ACTIVITY :: Look below for the line containing "<b>LIKE</b> = Votează". Write out that line and the rest through the last one, exactly as they appear, but without pictures.

GIVEN DATA ::
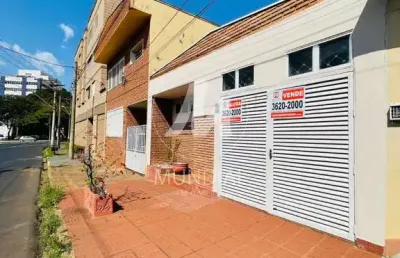 Casa (térrea na rua) 2 dormitórios, cozinha planejada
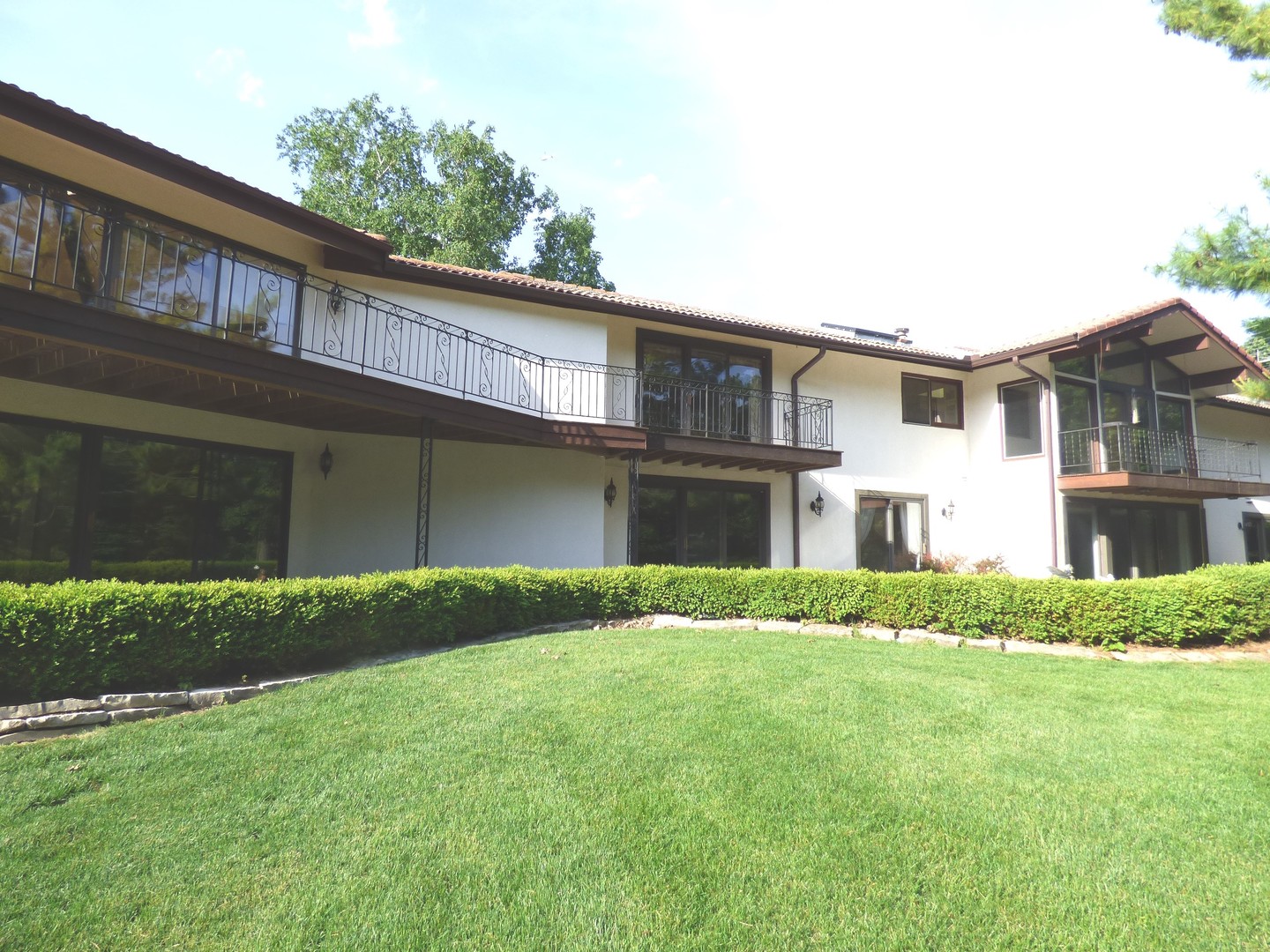 180 Stonegate Road Trout Valley, IL 60013 - Photo 11 of 74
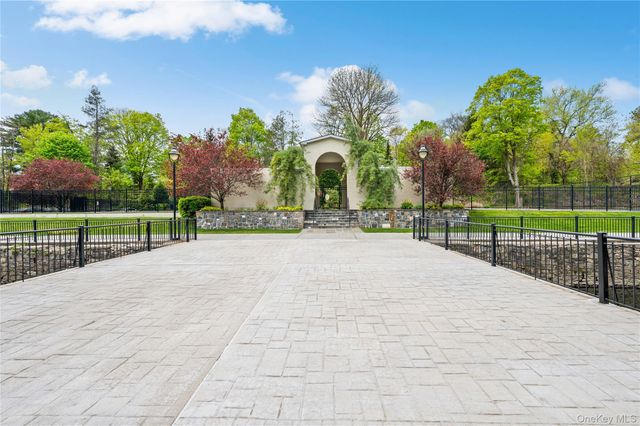 1 Scarsdale Road 613, Tuckahoe, NY 10707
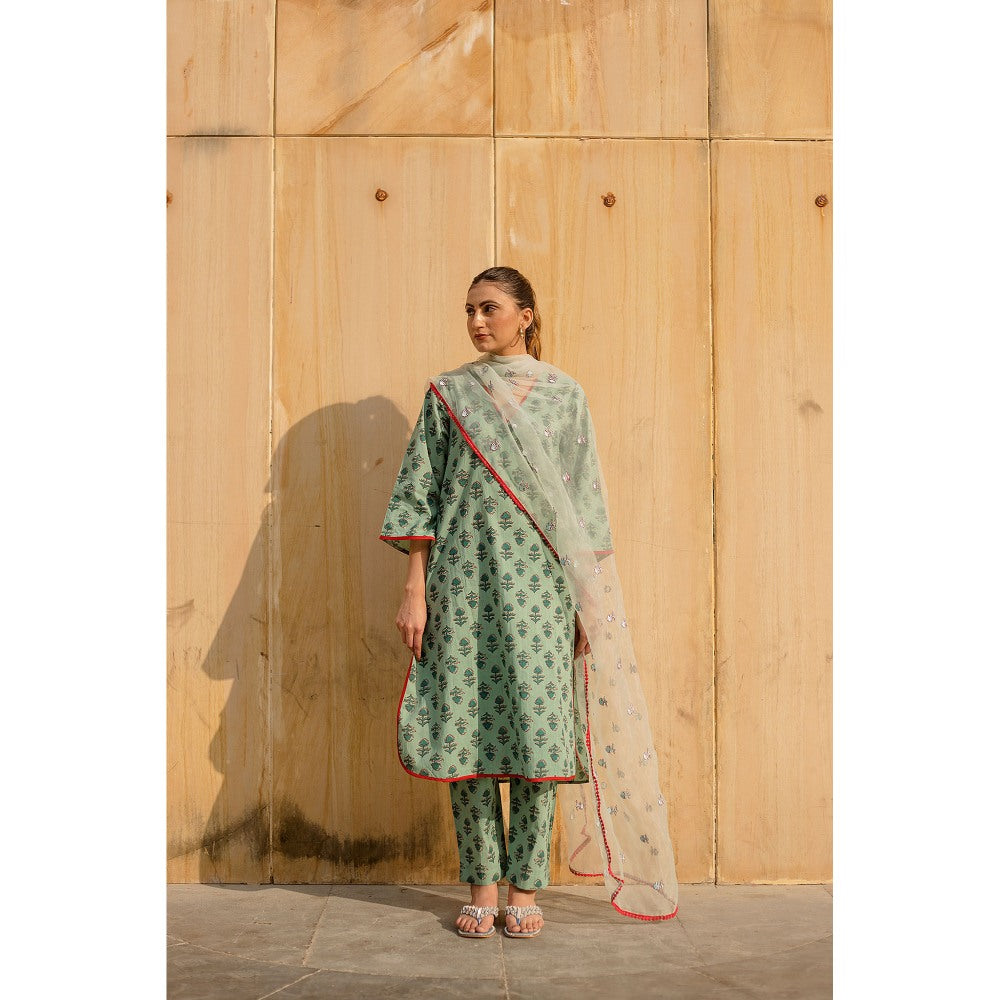 Gulabo Jaipur Noya Green Kurta with Pants & Dupatta (Set of 3)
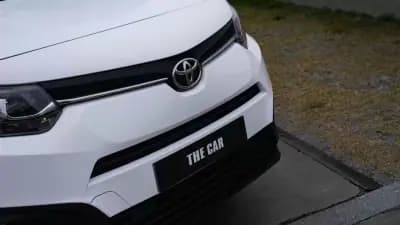 Sell Toyota Proace iva dedutivel 2021 - 13500 EUR, 125000 km - AUTO.MOTO.pt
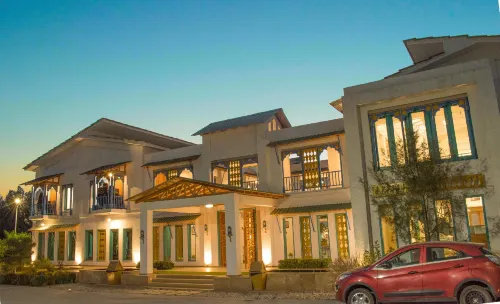 Arch the Baakhli Corbett Hotels in Kashipur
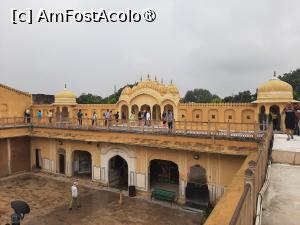 [P22] Hawa Mahal » foto by adso
 - 
<span class="allrVoted glyphicon glyphicon-heart hidden" id="av1448289"></span>
<a class="m-l-10 hidden" id="sv1448289" onclick="voting_Foto_DelVot(,1448289,7099)" role="button">șterge vot <span class="glyphicon glyphicon-remove"></span></a>
<a id="v91448289" class=" c-red"  onclick="voting_Foto_SetVot(1448289)" role="button"><span class="glyphicon glyphicon-heart-empty"></span> <b>LIKE</b> = Votează poza</a> <img class="hidden"  id="f1448289W9" src="/imagini/loader.gif" border="0" /><span class="AjErrMes hidden" id="e1448289ErM"></span>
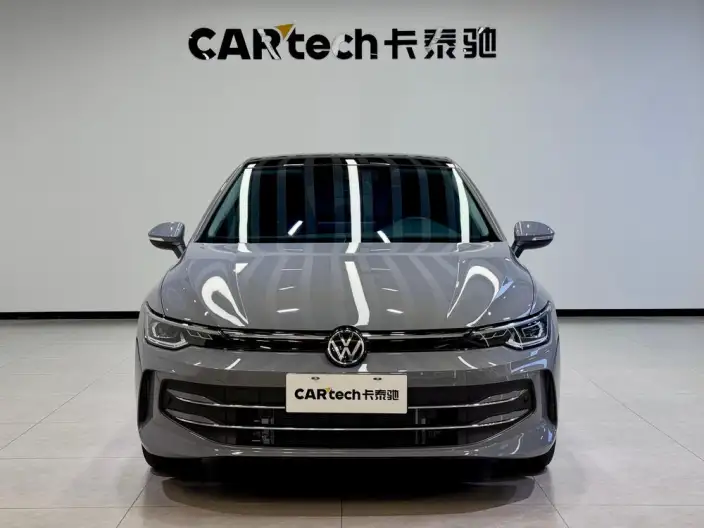 Volkswagen Golf 2025 Model Facelift 300TSI Pro – фото 2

YOUR SOLUTION ::
<a id="v91448289" class=" c-red"  onclick="voting_Foto_SetVot(1448289)" role="button"><span class="glyphicon glyphicon-heart-empty"></span> <b>LIKE</b> = Votează poza</a> <img class="hidden"  id="f1448289W9" src="/imagini/loader.gif" border="0" /><span class="AjErrMes hidden" id="e1448289ErM"></span>
 Volkswagen Golf 2025 Model Facelift 300TSI Pro – фото 2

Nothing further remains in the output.